Guillaume Gargaud : le chant bruissant des corps célestes.

    Encore une trouvaille que je dois à mes aimables lecteurs, en l'occurrence une lectrice : merci Eleni, d'Athènes, de m'avoir signalé ce musicien français qui avait échappé à mes oreilles de lynx ! Il associe la guitare et les sons électroniques.
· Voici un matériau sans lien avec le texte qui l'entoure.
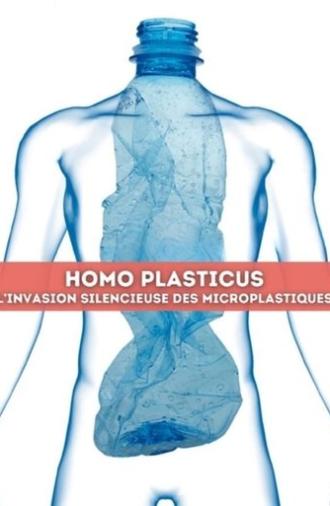 Homo Plasticus, l'invasion silencieuse des microplastiques (2025)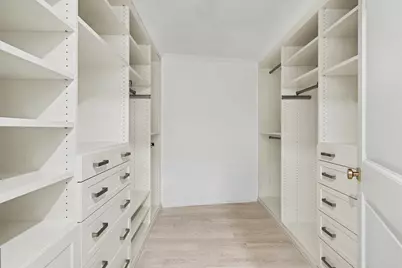 344 W 72nd Street #603, New York City, NY 10023 - Photo 24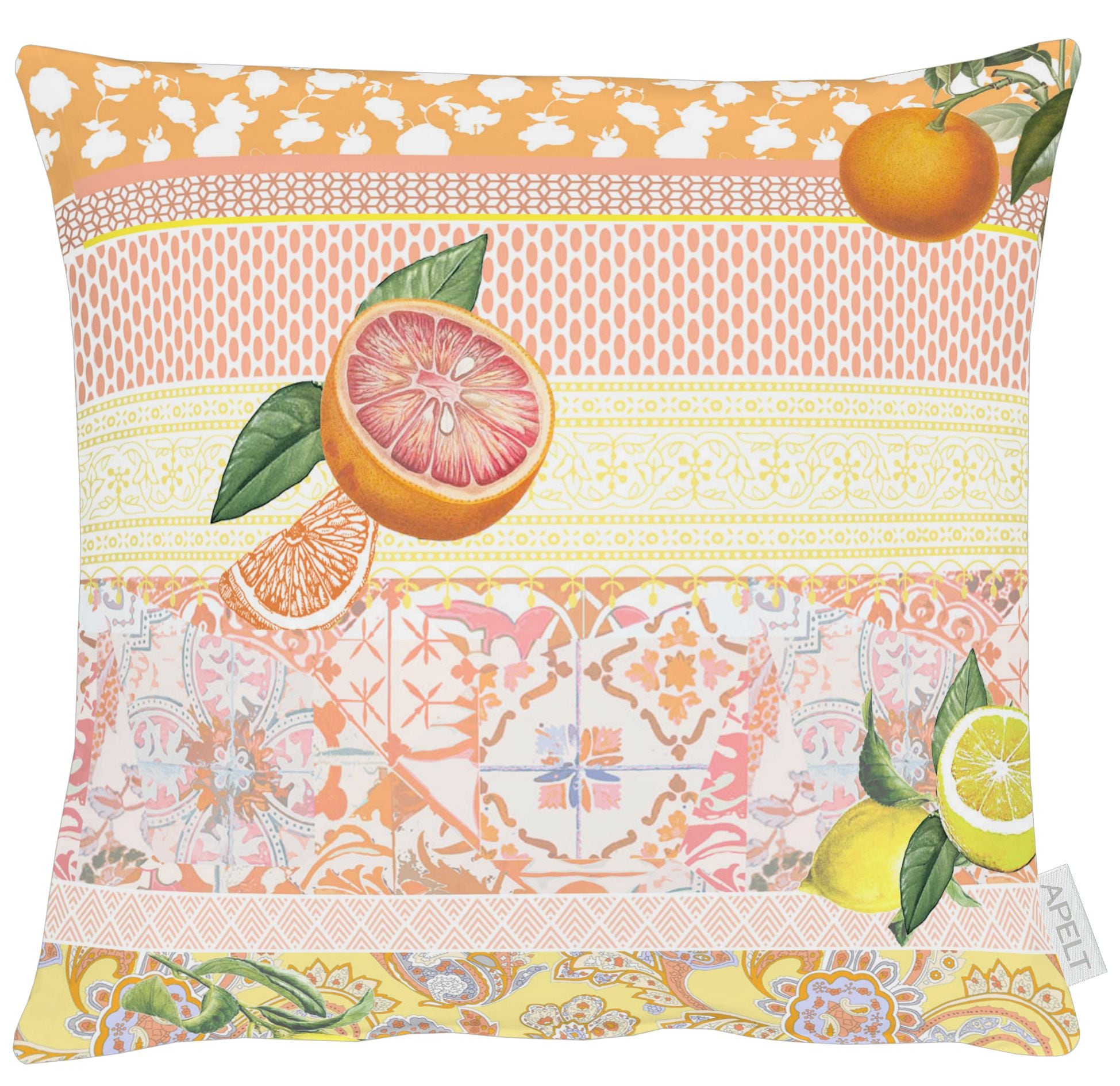 APELT Kissenhülle "6754" günstig online kaufen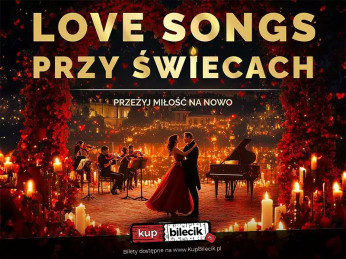 Pszczyna Wydarzenie Koncert Twoje najpiękniejsze wspomnienia w dźwiękach rocka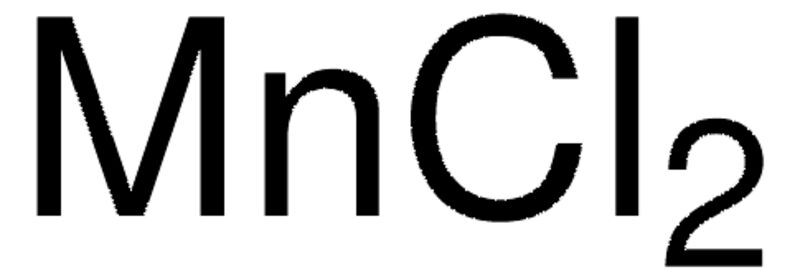 Manganese(II) chloride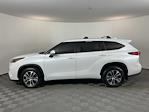2023 Toyota Highlander AWD SUV for sale #I7742B - photo 8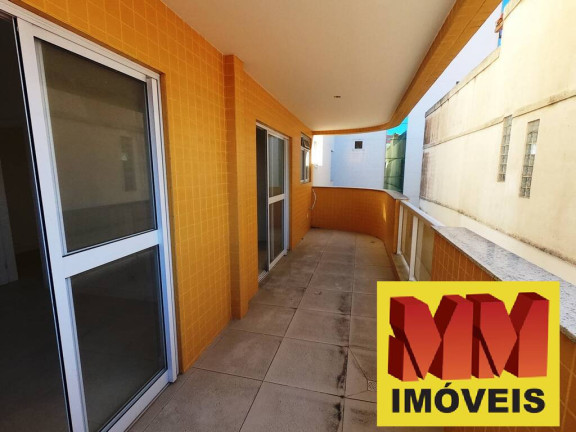 Imagem Apartamento com 1 Quarto à Venda, 56 m² em Braga - Cabo Frio Imagem Apartamento com 1 Quarto à Venda, 56 m² em Braga - Cabo Frio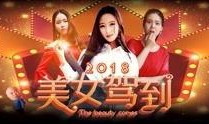 美女驾到在线观看,一场视觉盛宴的在线直播之旅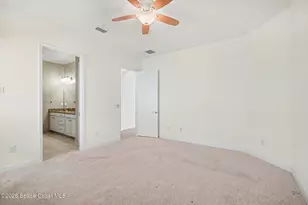 2881 Treasure Cay Ln, Melbourne, FL 32940 - Photo 20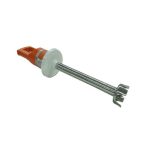 Dynamic PMX98 12" Variable Speed Hand Mixer
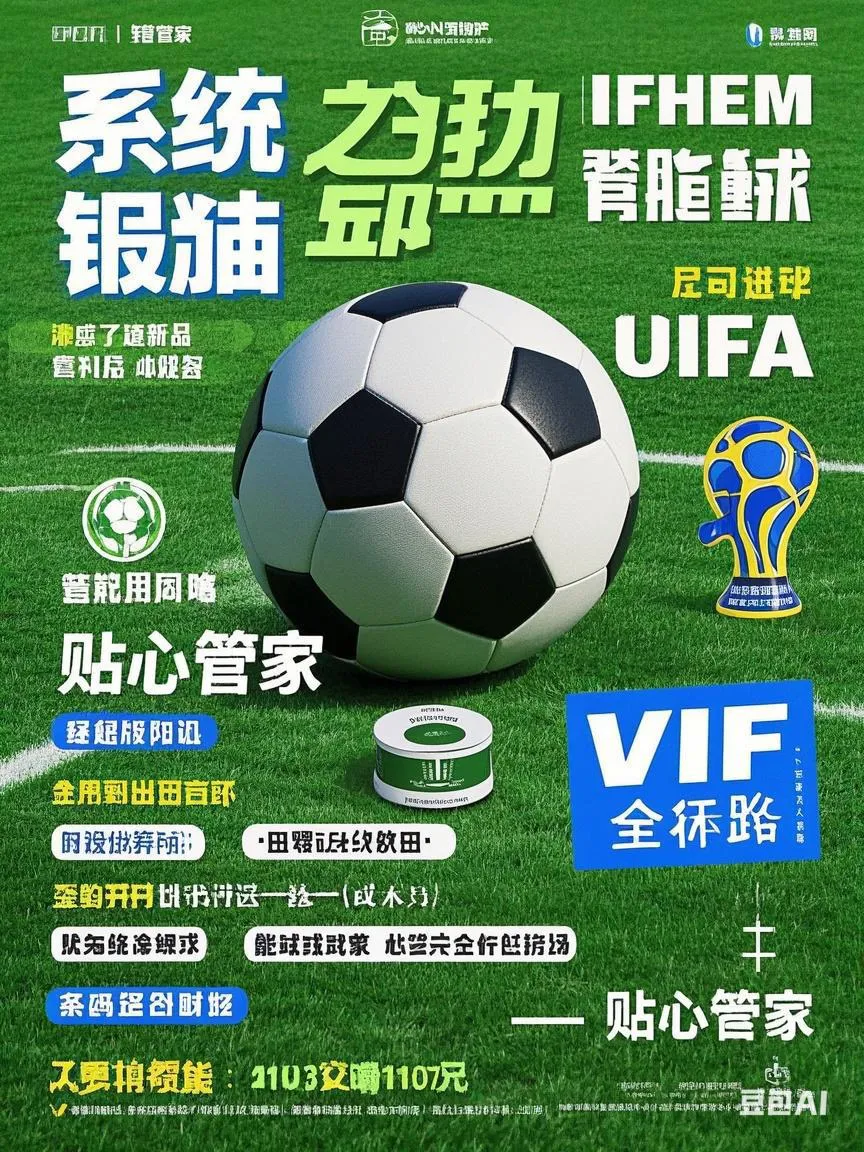 超单助手补单软件：足球投资的风险与机遇，热潮背后的真实挑战与思考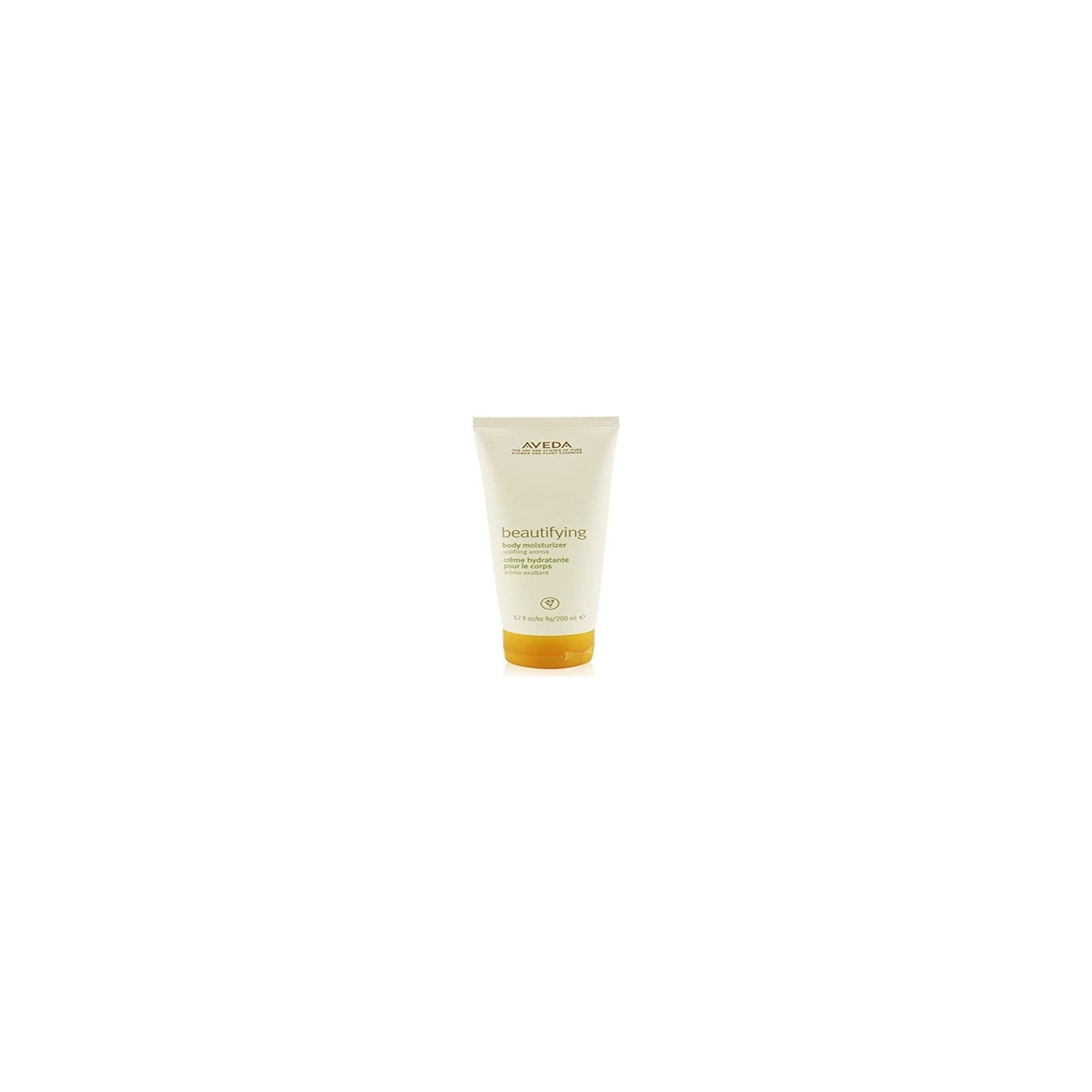 Aveda Skin Beautifying Body Moisturizer 200ml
   Lost chords, sorti en 2011, est le neuvième album de Guillaume Gargaud, le troisième en solo. Le début est flamboyant. "Œil humide", le premier titre, décolle sur un mur de particules agitées lacéré par la guitare saturée, hurlante, qui plonge pour finir dans le magma incandescent. "Sortir" commence plus doucement, pour lâcher vite une guitare qui joue des distorsions et des envolées troubles. Le son est incroyablement dense. Déchirements de textures, crépitements voilés accompagnent la guitare, tantôt aérienne, tantôt grave à se fondre dans le tapis oscillant, hoquetant. Le ton de l'album est donné : on reste au cœur des magmas d'étoiles, dans le maelstrom des fusions, des naissances fulgurantes, des arrachements, même si certains morceaux sont plus classiquement planants, comme le très beau "Pas là", presque une ballade, mais dans une nuée agitée, pulsante. Guillaume Gargaud réussit à magnifier la matière même du son, son épaisseur, ses raclements. Écoutez l'étonnant "Passerelle", d'une rugosité hypnotique. L'ouïe rencontre le toucher, grâce au travail à l'intérieur du son : pas de lissage, surtout pas, Guillaume Gargaud lui laisse son étrangeté, son aspect brut, en élargissant son spectre pour en révéler la complexité. La beauté n'est pas le fruit d'une réduction, d'une élimination des résidus, elle surgit au contraire de l'attention donnée à la moindre des composantes. Expérimentale, sa musique l'est au plus noble sens du terme, en effet une recherche des accords perdus comme l'annonce le titre. Perdus au nom d'une conception du son appauvrissante. Ici, le son foisonne, se brouille, on pense aux ondes courtes de la radio, ce en quoi le travail du français rejoint celui d'un musicien comme  Ingram Marshall dans ses premières œuvres électroniques, ou d'une  Annie Gosfield. Au total, un album passionnant, entre fulgurances et rêves pour un voyage dans l'inimaginable des espaces infinis, des trous noirs et de l'antimatière. Et un hymne à la guitare, lumière arrachée aux ténèbres natives.

Guillaume Gargaud : le chant bruissant des corps célestes.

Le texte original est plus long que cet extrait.